Milliyet’in haberine göre 16 kişilik mürettebatta bulunan geminin 2. Çarkçısı(makinecisi) Suriyeli Münir Fanssa, “5 ayda bir kez maaş aldık. Sigortamız olmadığı için yapayalnızız” dedi. Uluslararası Taşımacılık Sendikası, 10’u Azerbaycan, 3’ü Türk ve biri Suriyeli 16 kişilik mürettebatın uluslararası denizcilik kurallarıyla korunduğunu ve gemiye haciz konulabileceğini söyledi.
Rusya’nın Karadeniz’de ki en büyük limanı Novorossiysk’den aldıkları 3 bin ton dökme soda yükünü İstanbul’da ki Ambarlı limanına getiren M/V Natalia, 19 Aralık gecesi fırtınaya yakalanmıştı. 118 metrelik kargo gemisi güverteye ulaşan dalgalar ve şiddetli fırtına nedeniyle ilerleyemezken, Azeri kaptan Haijev Faig İstanbul Boğazı’na girebilmek için yoğun çaba sarf etmişti. Makineleri çalışmayan gemi Şile’nin Karaburun Feneri yakınlarına demir atarak durabilirken kayalıklara oturmuştu. Kıyı Emniyeti Genel Müdürlüğü’ne bağlı ekiplerin yoğun çabası sonucu kurtarılan 16 kişilik mürettebat armatör firma tarafından Sirkeci’de ki bir otele yerleştirildi. Türk mürettebat, başçarkçı Selahattin Açıkgöz, makineci ve aşçı İsmail Yasa Açıkgöz evlerine dönerken Azeri, Hintli ve Suriyeli 13 kişinin bekleyişi sürüyor.

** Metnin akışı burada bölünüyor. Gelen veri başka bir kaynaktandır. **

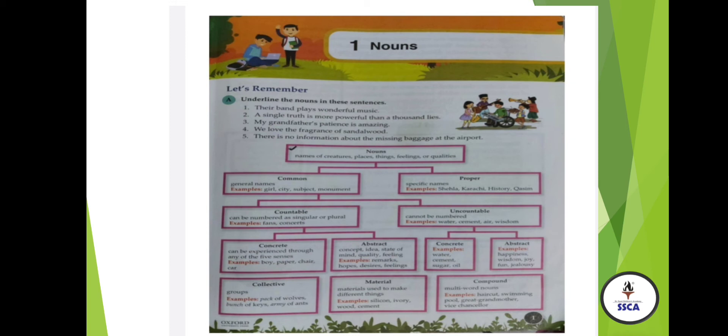Common Noun is all about general names. For example: girl, city, subject, etc. Proper Noun are the specific names. For example, if the common noun is 'girl,' then the proper noun is 'Sarah.' 'City' is the common noun, but 'Karachi' is the proper noun. 'Subject' is the common noun, but 'English' is the proper noun, because these are the names of something and they have their own individualities.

“Karadeniz bizi çok korkuttu”
Karadeniz’in dev dalgalarıyla 13 saat mücadele ettiklerini belirten Suriyeli Münir Fanssa, yaşadıklarını Milliyet’e anlattı. 31 yaşındaki 2. Çarkçı Fanssa, “ 2 gün önce Novorossiysk’den yola çıkmıştık. Gece 22.00 sıralarında hava patladı ve dalgalar gitgide güçlendi. 04.00’a kadar kendi çabamızla mücadele ettik ama artık dayanamaz hale geldik. Vardiyasında olmayan mürettebat bile diken üstündeydi. Herkes görev yerlerinde ya da köprü üstünde korku içinde bekliyordu. Daha fazla ilerlemeden bir yerlere sığınmamız gerekiyordu ama makine arızası yaşandı. Gemi karaya oturduğunda kurtulacağımıza inandık. Türk kurtarma ekibi gerçekten çok güzel bir iş yaptı ve bizi sorunsuz karaya çıkarttı.” dedi.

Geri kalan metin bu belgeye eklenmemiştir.